The task: Apart from the pictures, every entry below should be repeated exactly.

Dataset:

[Start of Attachment]

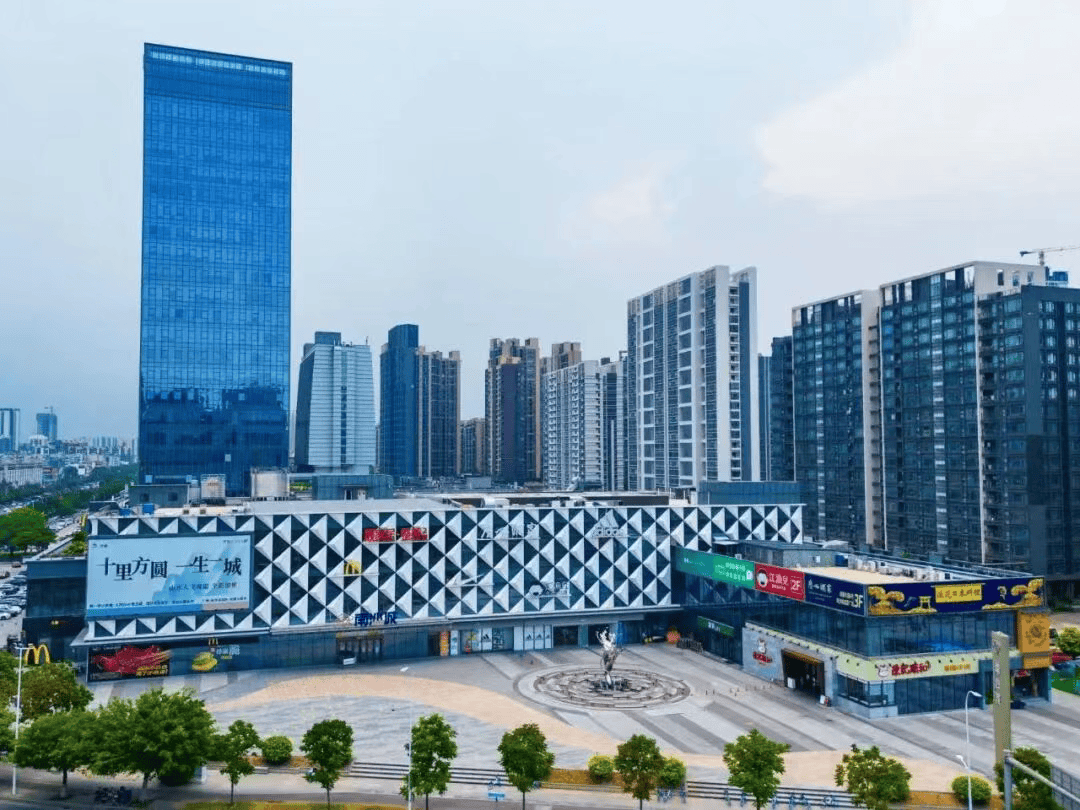 送官方周边！凭五月天演唱会票根解锁南沙福利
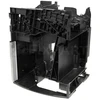 "DeLonghi Magnifica ESAM4000" korpuso rėmas Originalus 5513216731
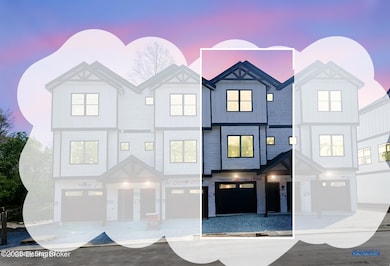 7403 Park Vue Dr, Crestwood, KY 40014 - photo 2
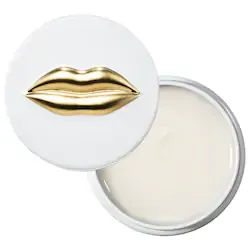 PAT McGRATH LABS Lip Fetish Balm Tin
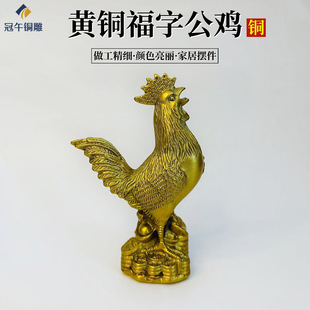 �S�~���u �[���~���u���uԪ���uĸ�u�Ҿӿ͏d�Lˮ ��ˇƷ�[��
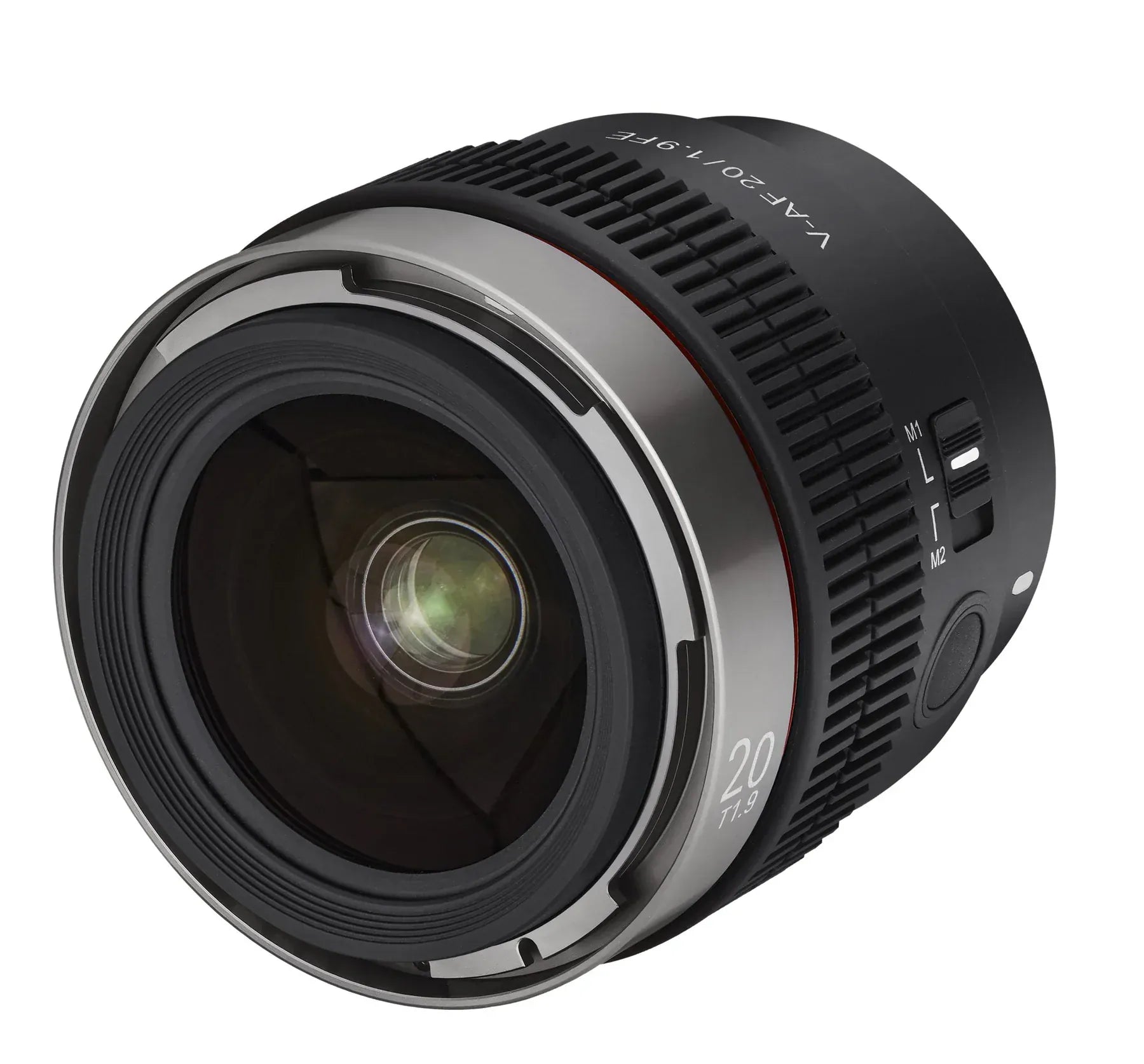 Rokinon Rokinon 20mm T1.9 Full Frame Cine Auto Focus for Sony E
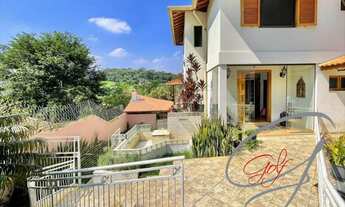 Imagem 6: Casa residencial para Venda, 3 dormitórios, Chácara das Paineiras, Carapicuíba Granja Vian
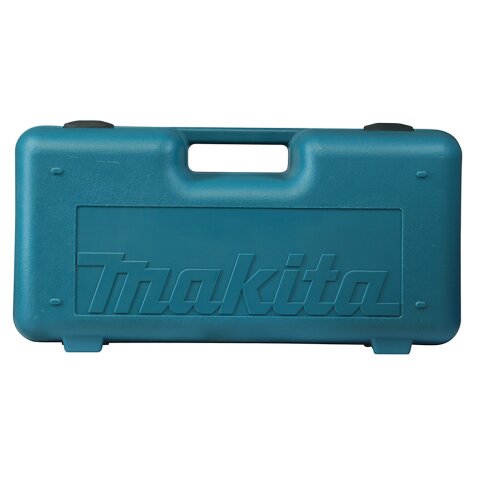 Makita 824540-2 Transportkoffer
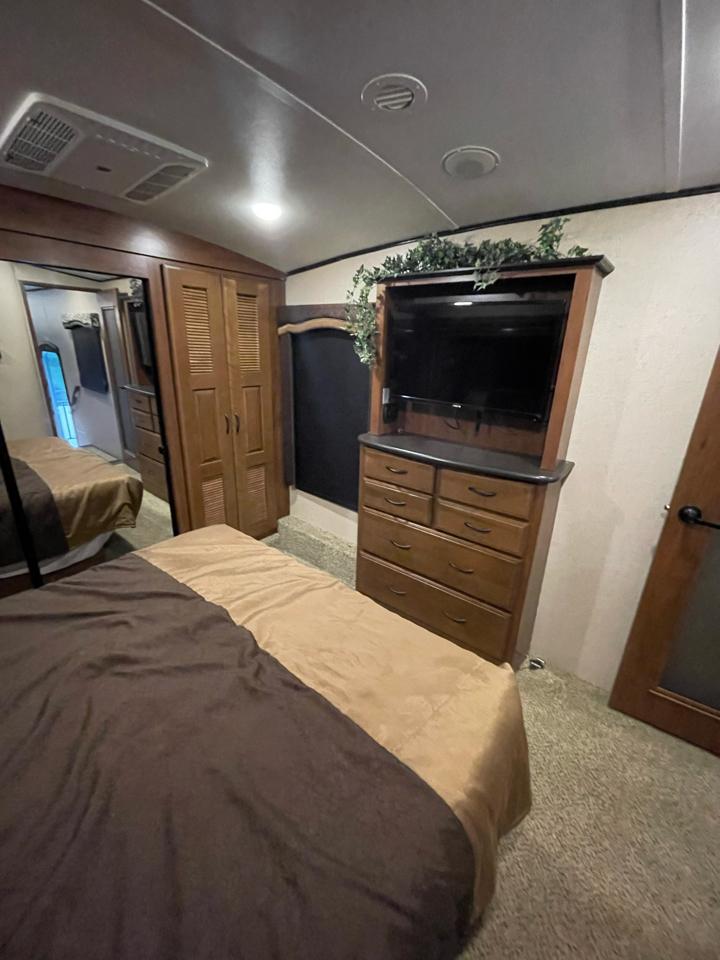 Jayco Jayco  2016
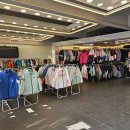 편한점빵 이미지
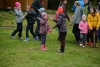 th_DSC_5508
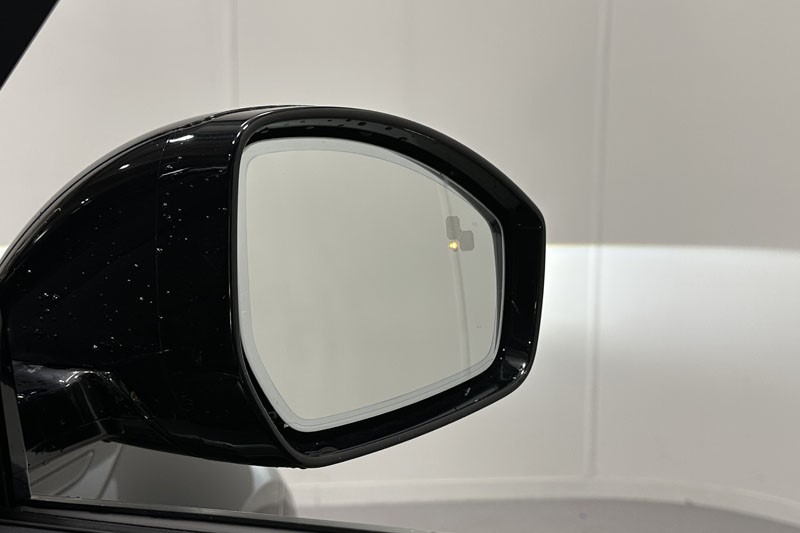 2025 (25) LAND ROVER RANGE ROVER EVOQUE 2.0 D200 Dynamic SE 5dr Auto 4805994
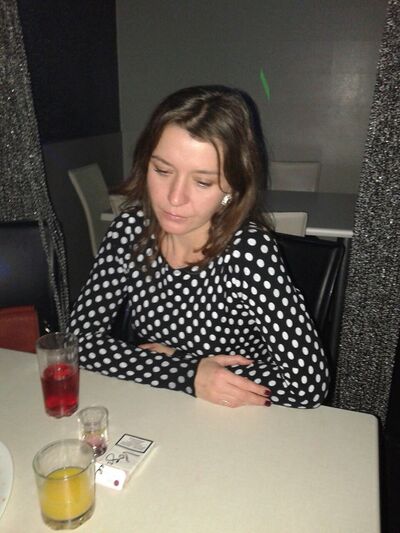  ,   , 47 ,   ,   , c 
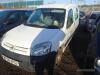 CITREON BERLINGO ENTERPRISE - WF06 HYZ. - 3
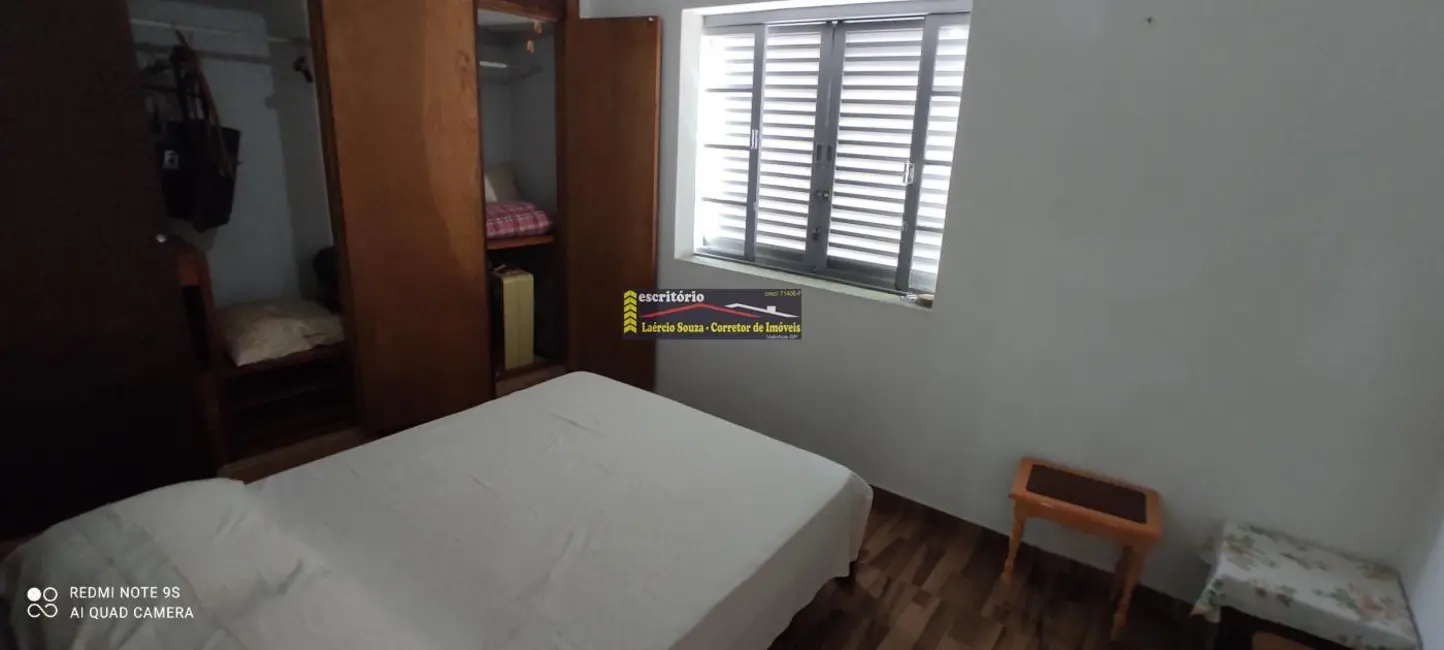 Casa com 3 quartos à venda, 153m2 em Valinhos - SP - imagem 6 Foto 6 de Casa com 3 quartos à venda, 153m2 em Valinhos - SP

[End of Attachment]

Result below:
 送官方周边！凭五月天演唱会票根解锁南沙福利
 "DeLonghi Magnifica ESAM4000" korpuso rėmas Originalus 5513216731
 7403 Park Vue Dr, Crestwood, KY 40014 - photo 2
 PAT McGRATH LABS Lip Fetish Balm Tin
 �S�~���u �[���~���u���uԪ���uĸ�u�Ҿӿ͏d�Lˮ ��ˇƷ�[��
 Rokinon Rokinon 20mm T1.9 Full Frame Cine Auto Focus for Sony E
 Imagem 6: Casa residencial para Venda, 3 dormitórios, Chácara das Paineiras, Carapicuíba Granja Vian
 Makita 824540-2 Transportkoffer
 Jayco Jayco  2016
 편한점빵 이미지
 th_DSC_5508
 2025 (25) LAND ROVER RANGE ROVER EVOQUE 2.0 D200 Dynamic SE 5dr Auto 4805994
  ,   , 47 ,   ,   , c 
 CITREON BERLINGO ENTERPRISE - WF06 HYZ. - 3
 Casa com 3 quartos à venda, 153m2 em Valinhos - SP - imagem 6 Foto 6 de Casa com 3 quartos à venda, 153m2 em Valinhos - SP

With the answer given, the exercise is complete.